The Business Herald understands Burns Philp aims to offer investors an 80 per cent stake in the business, worth A$1.3 billion to A$1.9 billion ($1.4 billion to $2.07 billion). The exact value of the offering is dependent on demand for shares. The Kiwi billionaire controls Burns Philp through his private company Rank, which owns a 54 per cent stake.

New Zealand investors, including retail investors, are expected to buy $200 million to $300 million of the shares with the rest going to investors in Australia, the United States, the United Kingdom and Asia.

The company will have a market value of about A$1.6 billion to A$2.3 billion. This will place it in the benchmark ASX-200 and the NZX-50 indicies and ensure reasonably strong demand from large institutions for the shares.

It will have a dual primary listing in New Zealand and Australia. Timing of the float, which will give priority to existing Burns Philp shareholders and holders of the company's converting preference shares, is unclear although Burns Philp has said it was aiming for the latter part of this year.

The company is to be created from the merger of the dairy and cured meat assets Rank bought from dairy giant Fonterra last month and Burns Philp's baking, spreads and oils business. In the year to last June, the business would have had sales on a pro forma basis of A$2.3 billion and trading profits of A$360 million to A$380 million. But bankers selling the shares are expected to make much of the growth in earnings.

The company is expected to have around A$1 billion of debt, giving it an enterprise value of around A$2.9 billion on a conservative estimate of its market value.

Since similar businesses trade on an earnings multiple of around seven to eight times prospective trading profits, the company should turn in around as much as A$414 million next year.

Much of the earnings growth is expected to come from the brands Hart acquired from Fonterra, including the dairy brands Meadow Fresh, Naturalea, Tararua and Chesdale and the Kiwi, Huttons and Top Hat cured meats brands.

These are expected to benefit from Hart's cost-cutting zeal. Many of the existing Goodman Fielder baking, oils and spreads brands - which include Molenberg, Quality Bakers, Vogels, Ernest Adams, Meadow Lea and Newman's Own - are mature slow-growth operations.

Many were also part of the Goodman Fielder business Burns Philp took over and delisted from the stock exchange in 2003. It is the prospects for these businesses that have muted enthusiasm for the company among Australian sharemarket observers.

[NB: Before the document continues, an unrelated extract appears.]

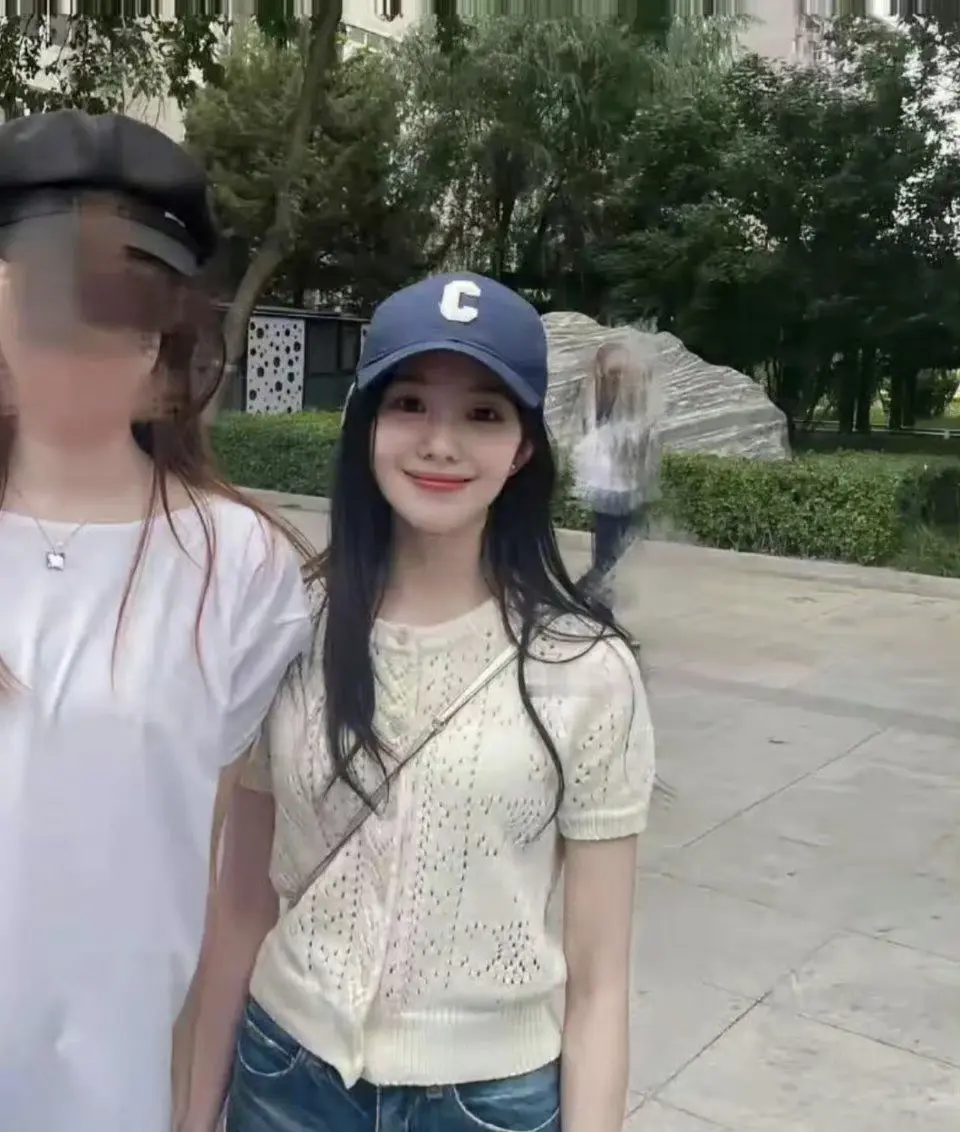 难怪能成为张艺谋严选的谋女郎，眼睛确实是比其他女明星更有灵气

The deal is a plum for investment banks, worth as much A$30 million in fees. Credit Suisse First Boston, which has a long relationship with Hart and Burns Philp, is expected to take the lead manager role. Its local affiliate, First New Zealand Capital, is sure to benefit. Other banks thought to be in the running to share the fees include Goldman Sachs JBWere, UBS and Macquarie Bank.

The structure
* Graeme Hart's Australasian food business Burns Philp will retain a 20 per cent stake in the Goodman Fielder business it plans to spin off on to the New Zealand and Australian Stock exchanges.
* The business will be sold to investors worldwide and is expected to have a market value of A$1.6 billion to A$2.3 billion.
* The company is to be created from the merger of the dairy and cured meat assets Hart's private company Rank bought from dairy giant Fonterra and Burns Philp's baking, spreads and oils business.